One of the more elegant aspects of Scrum is that it is a framework, not a dogma. I’ll admit that ADDIE reeks of waterfall project management and implies that there are hand-offs and linear thinking required to apply the methodology. But with a little open-minded application, I see no reason why ADDIE can’t live in the Scrum world. Here’s how:

Assess: Learning can’t happen unless we know what the scope of the training needs to be. The Assessment is critical to understanding things like audience, content needs, identifying subject matter experts, and looking at how the training fits into the larger needs of the organization. Assessments can be treated as a Sprint Zero, occurring over a couple of weeks or actually broken down into Sprints if the assessment requires a longer chunk of time. The Sprint Zero is the opportunity for the Product Owner, Scrum Master, and team to identify business requirements and value, needs, scope, etc., so why wouldn’t it be malleable enough to be a time of learning assessment?

Design: Once the scope and assessment of the learning needs is identified, the approach, or design, will begin to evolve.
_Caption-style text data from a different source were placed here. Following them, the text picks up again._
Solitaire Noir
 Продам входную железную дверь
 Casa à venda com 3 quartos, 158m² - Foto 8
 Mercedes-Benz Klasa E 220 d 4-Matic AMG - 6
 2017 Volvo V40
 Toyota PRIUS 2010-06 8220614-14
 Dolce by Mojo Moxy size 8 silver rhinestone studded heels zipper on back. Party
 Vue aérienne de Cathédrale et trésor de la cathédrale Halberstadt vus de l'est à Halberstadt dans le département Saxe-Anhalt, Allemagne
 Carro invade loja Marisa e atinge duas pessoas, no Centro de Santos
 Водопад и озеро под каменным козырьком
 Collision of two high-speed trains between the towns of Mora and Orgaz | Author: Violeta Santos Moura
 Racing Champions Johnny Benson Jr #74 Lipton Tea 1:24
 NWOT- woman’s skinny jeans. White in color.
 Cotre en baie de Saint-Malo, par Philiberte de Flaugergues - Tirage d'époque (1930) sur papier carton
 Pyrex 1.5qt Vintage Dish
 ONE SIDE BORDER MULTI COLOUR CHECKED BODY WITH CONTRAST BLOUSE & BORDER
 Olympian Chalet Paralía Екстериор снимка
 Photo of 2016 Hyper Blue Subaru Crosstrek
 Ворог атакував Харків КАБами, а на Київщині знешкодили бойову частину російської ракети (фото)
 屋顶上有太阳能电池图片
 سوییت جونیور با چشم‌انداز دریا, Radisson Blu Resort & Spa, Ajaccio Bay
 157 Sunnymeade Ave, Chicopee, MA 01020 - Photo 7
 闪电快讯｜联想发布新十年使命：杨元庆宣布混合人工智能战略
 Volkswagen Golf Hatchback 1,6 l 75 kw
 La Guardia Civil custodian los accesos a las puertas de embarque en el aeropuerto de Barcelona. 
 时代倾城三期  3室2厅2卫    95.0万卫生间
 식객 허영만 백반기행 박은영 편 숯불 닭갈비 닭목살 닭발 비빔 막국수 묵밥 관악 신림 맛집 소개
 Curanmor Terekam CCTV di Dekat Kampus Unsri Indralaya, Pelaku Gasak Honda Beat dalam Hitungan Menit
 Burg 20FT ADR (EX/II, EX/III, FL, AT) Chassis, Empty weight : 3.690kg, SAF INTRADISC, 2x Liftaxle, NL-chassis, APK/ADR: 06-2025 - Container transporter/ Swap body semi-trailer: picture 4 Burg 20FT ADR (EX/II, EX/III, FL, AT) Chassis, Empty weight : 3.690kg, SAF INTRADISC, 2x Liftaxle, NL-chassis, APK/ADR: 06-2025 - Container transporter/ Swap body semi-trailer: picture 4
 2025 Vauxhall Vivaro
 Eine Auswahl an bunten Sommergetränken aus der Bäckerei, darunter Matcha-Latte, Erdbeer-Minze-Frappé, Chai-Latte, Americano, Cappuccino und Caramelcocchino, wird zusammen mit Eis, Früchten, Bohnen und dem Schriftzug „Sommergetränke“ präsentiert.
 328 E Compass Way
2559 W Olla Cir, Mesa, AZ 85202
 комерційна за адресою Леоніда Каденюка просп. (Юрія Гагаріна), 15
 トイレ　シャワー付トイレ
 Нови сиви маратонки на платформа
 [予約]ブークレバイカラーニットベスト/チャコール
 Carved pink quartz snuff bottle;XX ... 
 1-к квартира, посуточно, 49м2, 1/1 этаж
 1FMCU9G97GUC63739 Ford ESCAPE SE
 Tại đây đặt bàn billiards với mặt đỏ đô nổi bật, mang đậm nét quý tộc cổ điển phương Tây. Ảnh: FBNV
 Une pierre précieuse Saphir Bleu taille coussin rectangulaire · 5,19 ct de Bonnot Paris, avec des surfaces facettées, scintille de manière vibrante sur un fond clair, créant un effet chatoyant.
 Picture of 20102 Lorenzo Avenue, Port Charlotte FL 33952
Depending upon the scope of the project, the design can be treated as Sprint Planning (for smaller projects with a minimum of complexity) or the design process can be sprinted, with client design reviews (Sprint Reviews) at the end of the sprints to gain sign-off and buy-in from the client (for larger, more complex projects).

Development: Much like software development, learning development can be planned for, sprinted, and reviewed, whether eLearning or Instructor-led. Developing training – eLearning or ILT – would align most closely with its parentage in software development, allowing the instructional designers/developers to collect content and iteratively present it to the client until delivery.

Implementation: This is where applying Scrum needs to be an exercise in Scrum framework flexibility. If implementing training means putting the eLearning on the LMS, there is probably no need to sprint the activity – likely it would be a task within the final sprint. But if implementation requires the team to deliver the learning in a classroom, webcast or interactive environment, it would likely make sense to sprint these activities, complete with stories and tasks. As long as the team is producing a product, it continues to Sprint and deliver to the client.

Evaluation: Again, the process of evaluation may be part of a sprint, or might be sprinted separately, depending upon the scope of the evaluation. Most Level I or II evaluation might likely be tasks within a sprint if, for instance, it is a compiling of survey results at the end of a learning event. Larger evaluation approaches, such as following up with large-scale, long-term metrics, may require their own sprint, or possibly even their own project.